The window of opportunity to protect the concept of marriage as we've always known it, however, won't stay open forever.

--- Wednesday, September 21, 2005

The Truth - Not Feminism - Shall Set Them Free 

A new book reviewed this week by many of the major US newspapers (an excerpt appeared in the NY Times) suggests that the sexual liberation trumpeted by the feminist movement may not have been so freeing after all. In an interesting review in the Wall Street Journal, Wendy Shalit argues that the fundamental principles of feminism lead to a life that fails to truly fulfill most women.
Why did feminism sell its soul to the sexual-liberation movement in the first place? After all, the original feminists were fighting to be taken seriously. Hugh Hefner, by contrast, said that his ideal girl "resembles a bunny . . . vivacious, jumping--sexy." There seems to be a contradiction here.

Ms. Levy's answer is that, after a brief and failed fight against pornography, feminism joined forces with Hef & Co. to fight for abortion rights. This is a plausible explanation, as far as it goes. Abortion has indeed assumed a primary importance in both feminist "rights" thinking and in the whole culture of soft-core libertinism: Mr. Hefner is a big fan of abortion, for obvious reasons.

But something else may be going on. Feminism grounded itself, in its early days, in the idea that there were no differences between the sexes. A girl wanting to keep her virginity was bad, for sexual reticence amounted to asserting a separate standard, a Victorian one at that. To Hef, modesty was a "hang-up," and to the feminists it was a "patriarchal construct." Ms. Levy believes that feminism was on the right track but then veered off-course: "What has moved into feminism's place . . . is an almost opposite style, attitude, and set of principles."

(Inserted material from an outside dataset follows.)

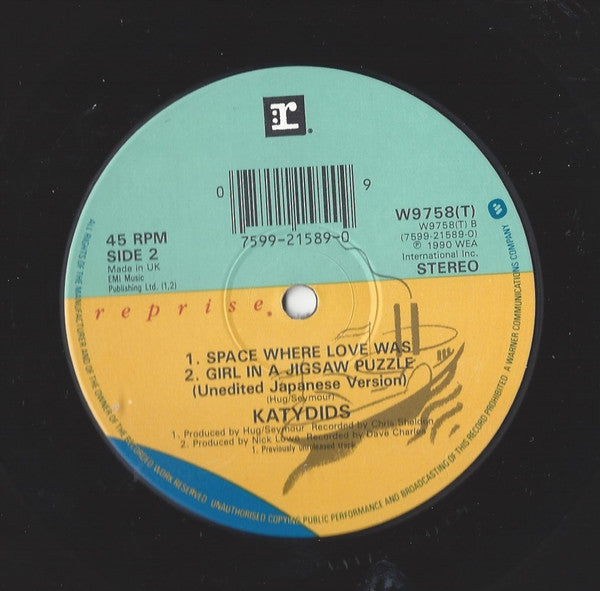 Katydids : Girl In The Jigsaw Puzzle (12")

But maybe feminism's foundations were weak from the start. Everyone in Ms. Levy's book--whether it's middle-class girls who feel anxiety about appearing "hot" or grown women who confess to Ms. Levy that "accumulating sex for its own sake . . . is not that sexual"--shows that a woman's experience of sex and love is very different from that of an adolescent boy or a man. Indeed, the more a woman imitates a man, the clearer these differences become.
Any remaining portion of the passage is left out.